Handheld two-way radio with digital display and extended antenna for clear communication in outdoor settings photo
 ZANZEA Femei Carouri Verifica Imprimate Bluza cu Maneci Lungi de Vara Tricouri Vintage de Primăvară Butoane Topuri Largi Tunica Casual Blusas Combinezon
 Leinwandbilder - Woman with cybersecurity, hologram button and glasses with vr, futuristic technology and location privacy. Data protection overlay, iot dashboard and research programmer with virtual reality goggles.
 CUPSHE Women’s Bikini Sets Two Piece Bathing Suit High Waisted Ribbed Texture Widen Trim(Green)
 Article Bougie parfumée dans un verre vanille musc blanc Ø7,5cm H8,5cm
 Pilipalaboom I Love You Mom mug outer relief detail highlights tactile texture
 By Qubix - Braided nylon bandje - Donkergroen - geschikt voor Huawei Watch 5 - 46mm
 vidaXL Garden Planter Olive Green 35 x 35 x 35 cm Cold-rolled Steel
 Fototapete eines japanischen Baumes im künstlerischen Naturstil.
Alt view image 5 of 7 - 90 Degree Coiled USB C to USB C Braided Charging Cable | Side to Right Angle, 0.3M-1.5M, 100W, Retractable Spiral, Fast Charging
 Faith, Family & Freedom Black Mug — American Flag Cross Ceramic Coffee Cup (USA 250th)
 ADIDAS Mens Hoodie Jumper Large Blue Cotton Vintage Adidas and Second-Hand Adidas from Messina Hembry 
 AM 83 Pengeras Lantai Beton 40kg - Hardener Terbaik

**Task objective**
With the line containing "ZANZEA Femei Carouri" as the last one, please set down exactly the lines of the records above from their very first line, and nothing more.

**Worked solution**
Handheld two-way radio with digital display and extended antenna for clear communication in outdoor settings photo
 ZANZEA Femei Carouri Verifica Imprimate Bluza cu Maneci Lungi de Vara Tricouri Vintage de Primăvară Butoane Topuri Largi Tunica Casual Blusas Combinezon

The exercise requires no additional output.